### WHAT IS EXPECTED
Write down the lines exactly as they appear, from the one that contains "Image of Indian lettuce" through the final line of the records, so that both ends are kept and no pictures come along.

### THE DATA
== Segment start ==

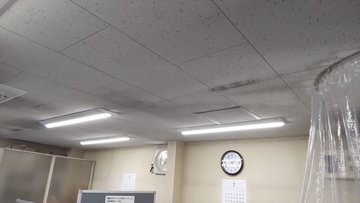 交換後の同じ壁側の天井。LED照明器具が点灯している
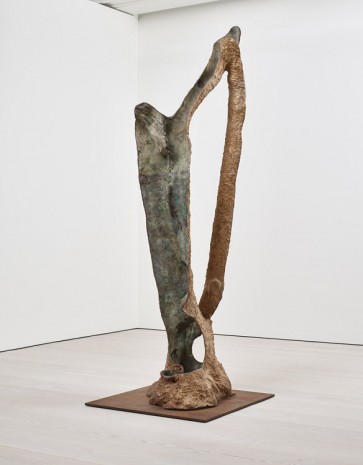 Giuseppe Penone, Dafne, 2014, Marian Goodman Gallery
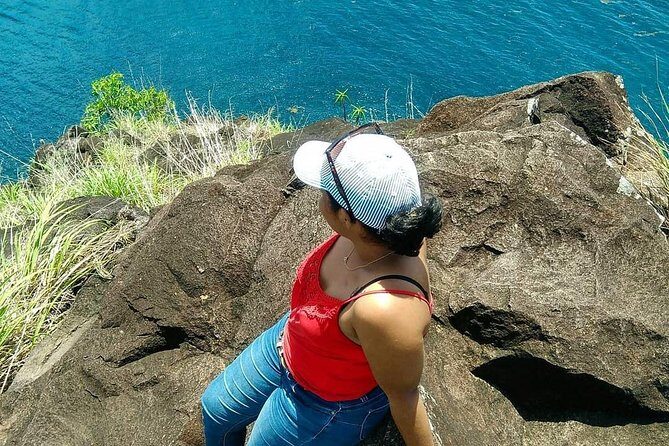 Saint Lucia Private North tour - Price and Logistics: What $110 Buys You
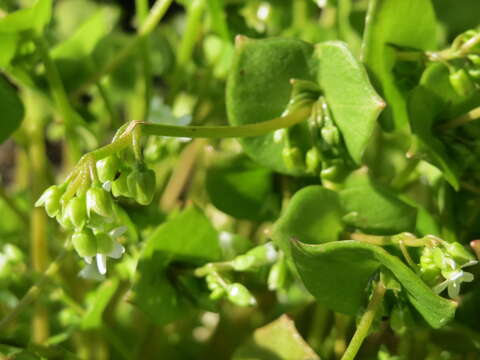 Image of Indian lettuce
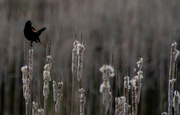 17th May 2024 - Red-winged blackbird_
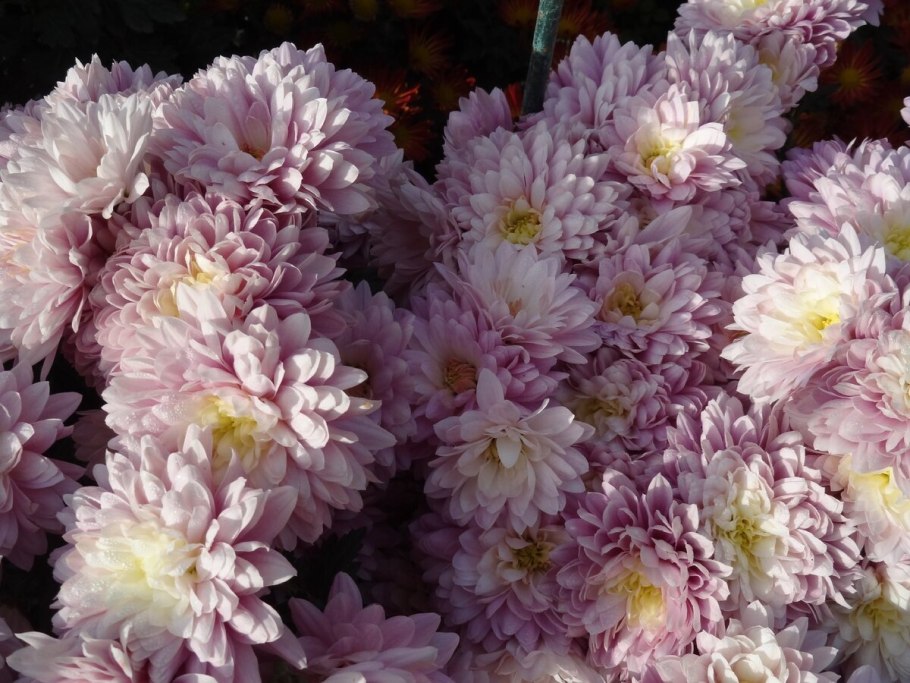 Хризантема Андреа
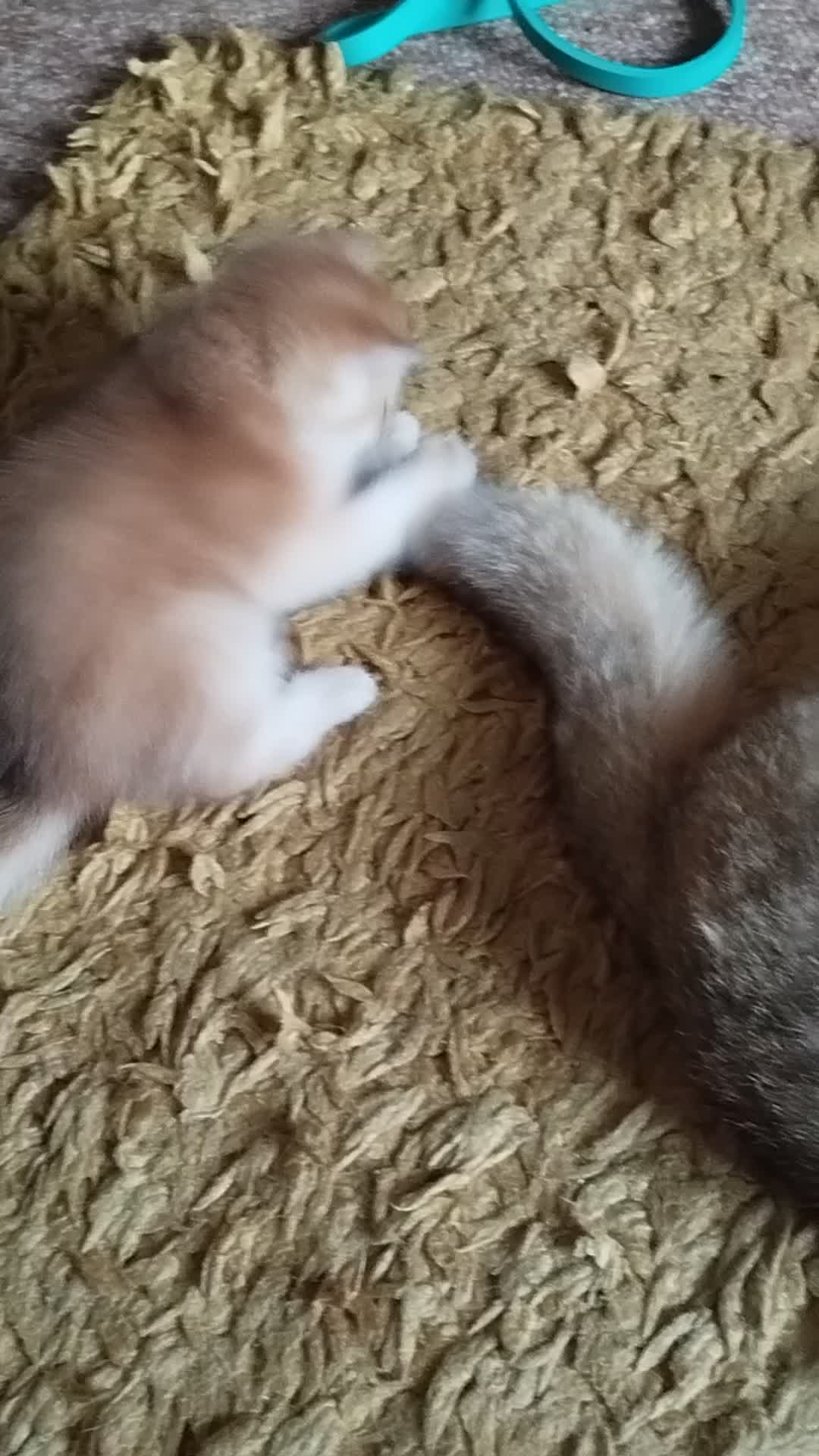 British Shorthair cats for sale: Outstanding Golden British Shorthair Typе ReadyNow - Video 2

== Segment end ==

### RESPONSE BOX
 Image of Indian lettuce
 17th May 2024 - Red-winged blackbird_
 Хризантема Андреа
 British Shorthair cats for sale: Outstanding Golden British Shorthair Typе ReadyNow - Video 2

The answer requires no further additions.